Major General Abdulla Shamaal MA MSc ndu psc (born 5 July 1969) is the incumbent Chief of Defence Force (CDF) of Maldives National Defence Force (MNDF). General Shamaal was appointed to the post of Chief of Defence Force on 11 December 2018 by President Ibrahim Mohamed Solih. Shamaal was trained in various military institutions such as the United States Army Infantry School in Fort Benning, the Pakistan Military Academy and the Defence Services Staff College in India. Shamaal was previously discharged from service in November 2013 but was reinstated in December 2018 following High Court verdict that his discharge was unlawful. He has also held various Senior Command, Staff and Instructional appointments during his career.

Academic qualifications 
 Master of Arts Degree (MA) in Defence and Security Analysis (1999), University of Lancaster, UK
 Master of Science Degree (MSc) in Defence and Strategic Studies (2003), University of Madras, India
 Master of Arts Degree (MA) in Strategic Security Studies (2012), Distinguished Honor Graduate, National Defense University, Washington DC, US

Military training 
 Military Officers Cadet Training at the Pakistan Military Academy (1992 -1994)
 Infantry Officers Basic Training (1996) and Infantry Officers Advance Course (2000) at the US Army Infantry School, Fort Benning, Georgia
 Graduate of Defence Services Staff College, India (2003)
 Graduate of Asia Pacific Center for Security Studies, Hawaii, USA (2009)
 Completed Special Task Force Training (1991)
 Completed NCO Cadre Training (1992)

Achievements 
In June 2012, Gen. Shamaal graduated from the Counter Terrorism Fellowship post graduate program at the National Defence University (NDU) in Washington DC, obtaining a Master of Arts Degree in Strategic Security Studies - his third master's degree. He had the privilege of graduating as a Distinguished Honor Graduate of the course, receiving distinctions in all the electives, with a GPA of 4.0, and his thesis was nominated as an honor thesis at NDU.
Gen. Shamaal had the privilege of serving as the country's first Military Attaché in a diplomatic mission abroad. He served as a Defence Adviser in the Maldives High Commission in New Delhi from March 2005 to December 2008, and set up the first DA's office in India.
Gen. Shamaal was awarded the Best Allied Cadet at the Pakistan Military Academy, and was the first Maldivian Officer to be trained in Pakistan Military Academy.
In March 2012, Gen. Shamaal had the privilege of being the first Maldivian to be inducted to the United Nations Roster of Senior Experts on Security Sector Reform (SSR).

Professional experience 
Shamaal is an infantry trained officer by trade who had commanded the Male’ Command (MNDF Male’ Area), one of the four operational joint commands of the armed forces, the Training and Doctrine Command, the Marine Corps, and the former Quick Reaction Forces. He has also served in the field in the capacity of an Instructor. Shamaal also worked in the Ministry of Defence, heading the Directorate of International Defence Cooperation.
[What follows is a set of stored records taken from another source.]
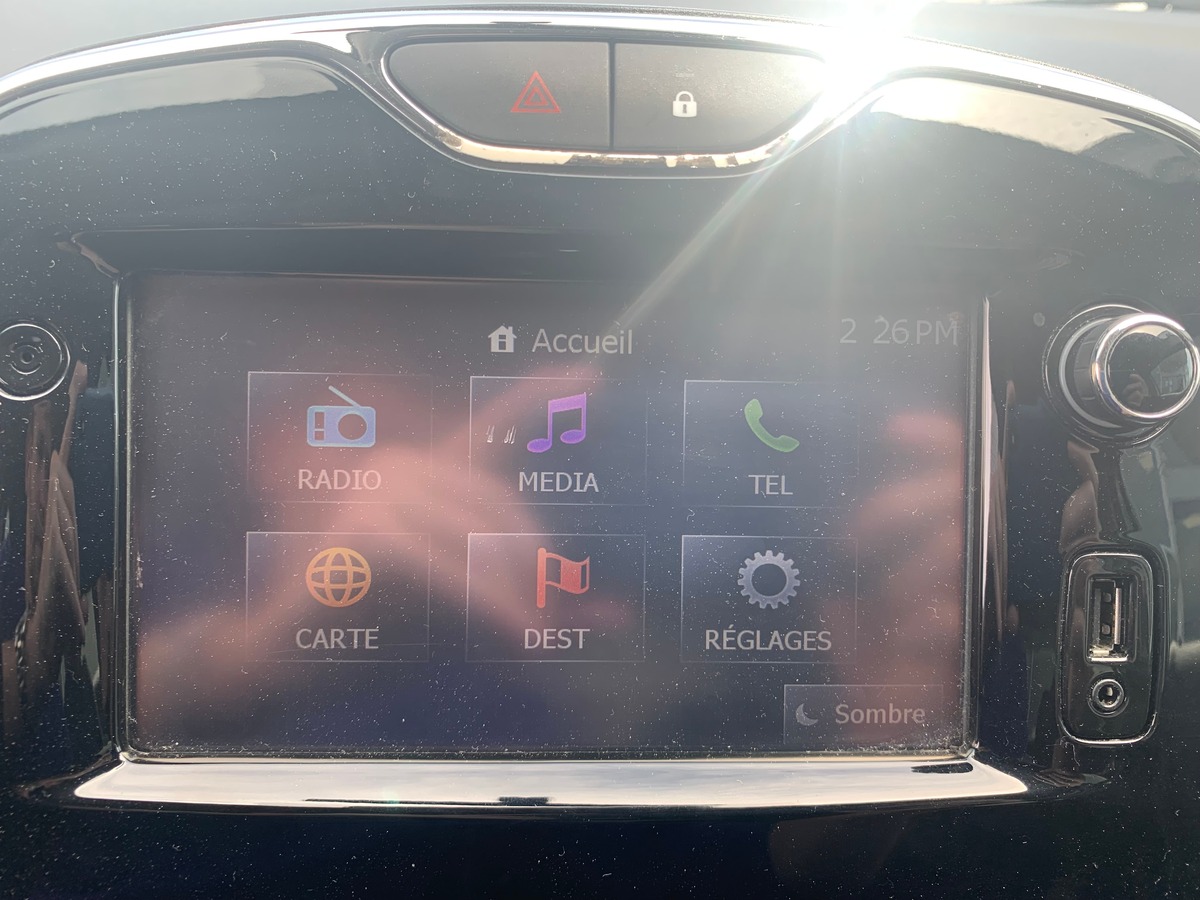 RENAULT Clio IV 75 ch | Air Medianav | 2 Places | Régulateur de vitesse | Climatisation | Bluetooth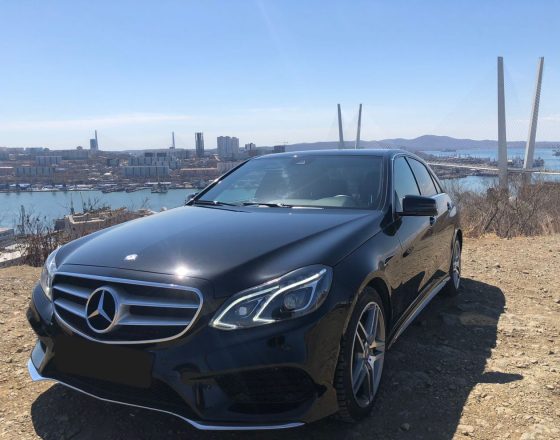 Mercedes-Benz E200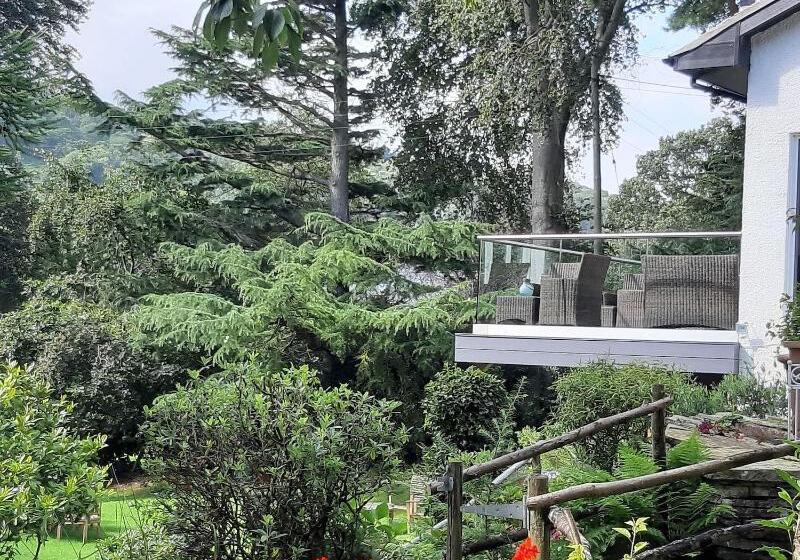 Gwern Borter Manor Bed & Breakfast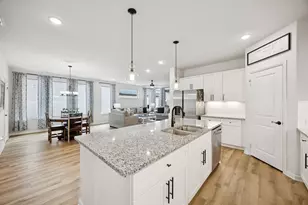 1877 Lakemont Dr, Van Alstyne, TX 75495 - Photo 9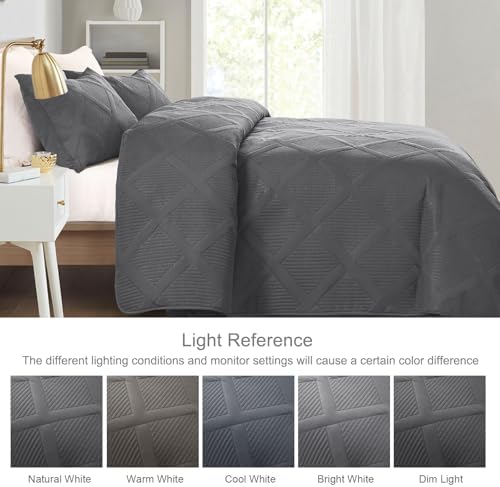 Exclusivo Mezcla 3-Piece Soft California King Size Quilt Bedding Set, Grey - Image 3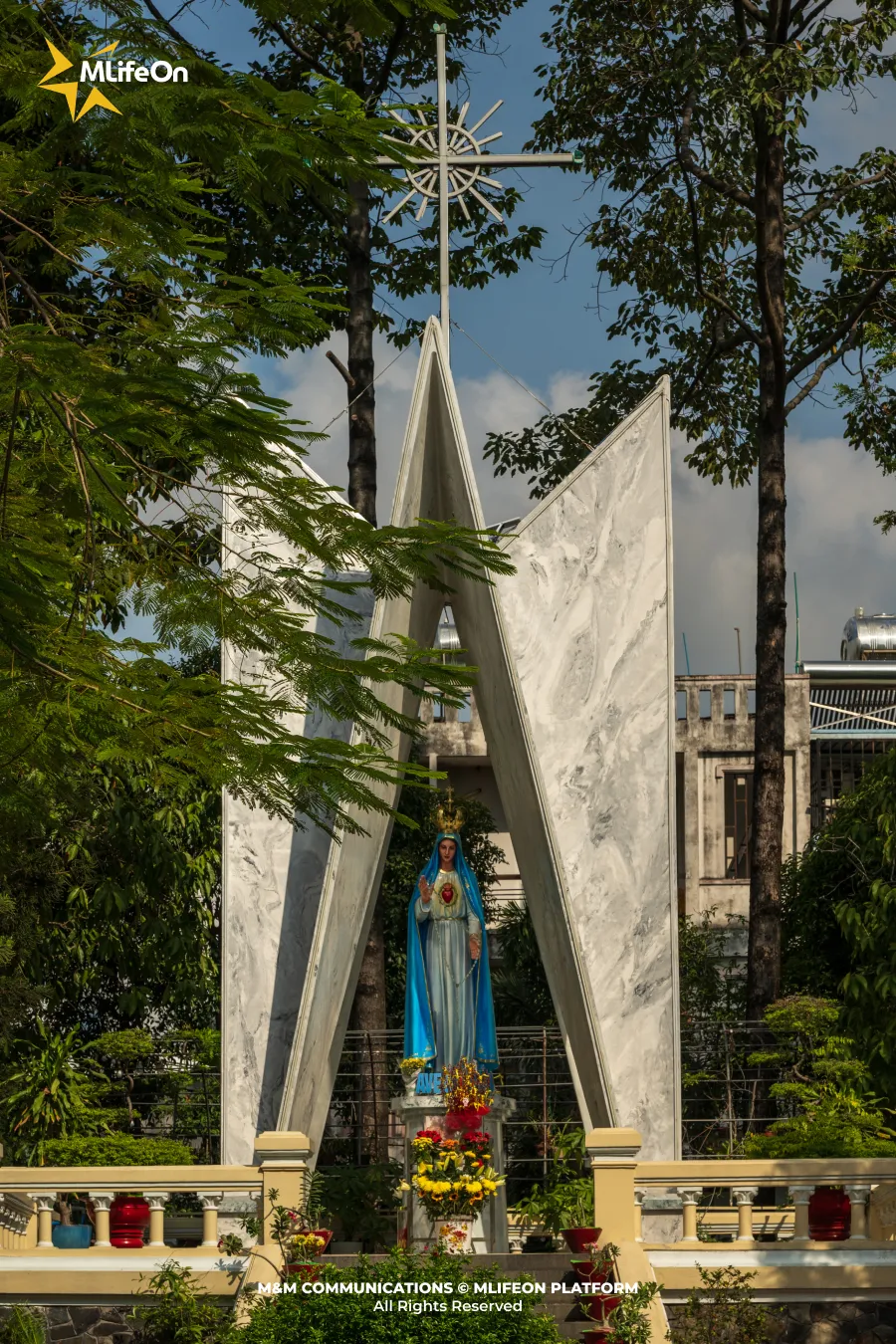 Frame 1773.jpg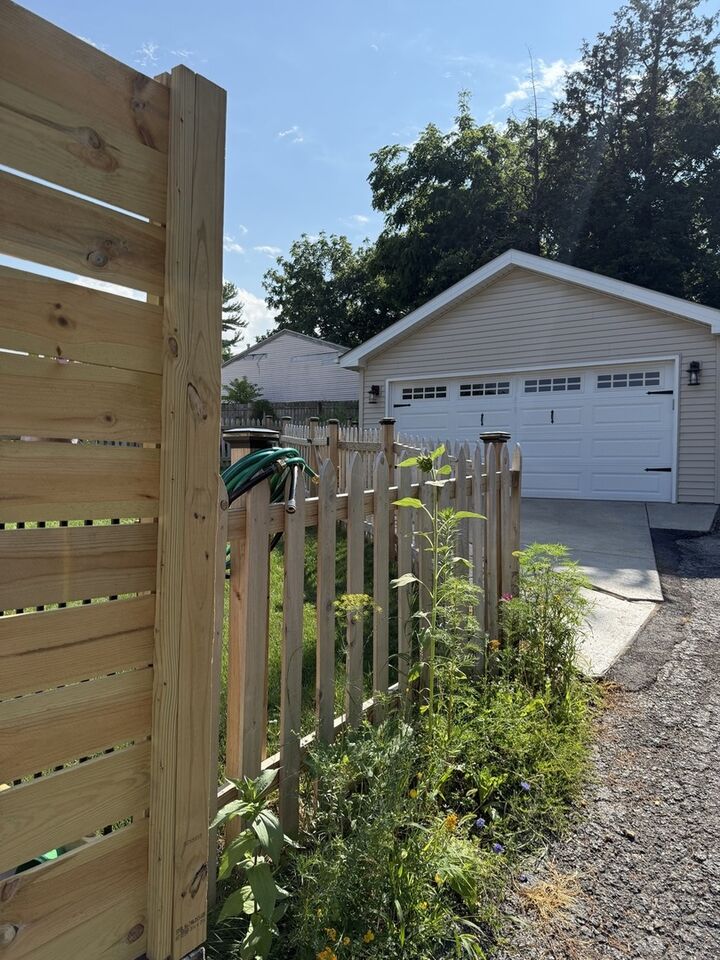 Property Photo:  714 Walnut Street  IL 60439 
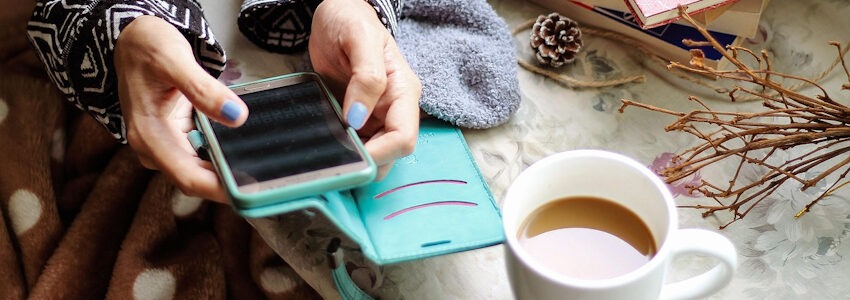Foto: MarieXMartin, Pixabay. Kaffeetasse und Handy.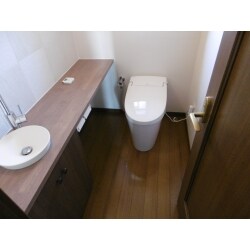 手洗いカウンターもフラットになり、カウンター下に収納も出来て使いやすさは◎
木目調で統一感を出し、タンクレストイレで広々し、全体的に明るい空間になりました。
He has also attended various conferences and seminars on security and defense strategy, including the Near East South Asia (NESA) Center for Strategic Studies Executive Seminar at the National Defense University (NDU) in Washington DC in May 2001, the Non-Lethal Weapons Seminar at the Bangladesh Institute of Peace Support Operation Training (BIPSOT) in September 2003, and the Asia Public Affairs Symposium in Singapore in February 2003, and other conferences in New Delhi.

Decorations 
Shamaal has been decorated with the Distinguished Service Medal, Presidential Medal, Dedicated Service Medal, Defence Force Service Medal, Good Conduct Medal, three November Medals and Centenary Medal.

Family 
He is married to Fathimath Firasha, and has three daughters, Fathmath Yasmeen Shamaal, Aishath Yara Shamaal and Aminath Emma Shamaal.

Other work highlights 
In the period of 2009 to 2010, Gen. Shamaal also had the opportunity to take the initiative and play a key role in drafting and educating political leaders and security managers on the National Security Framework envisioned in the Strategic Action Plan of the President's Office of the Maldives.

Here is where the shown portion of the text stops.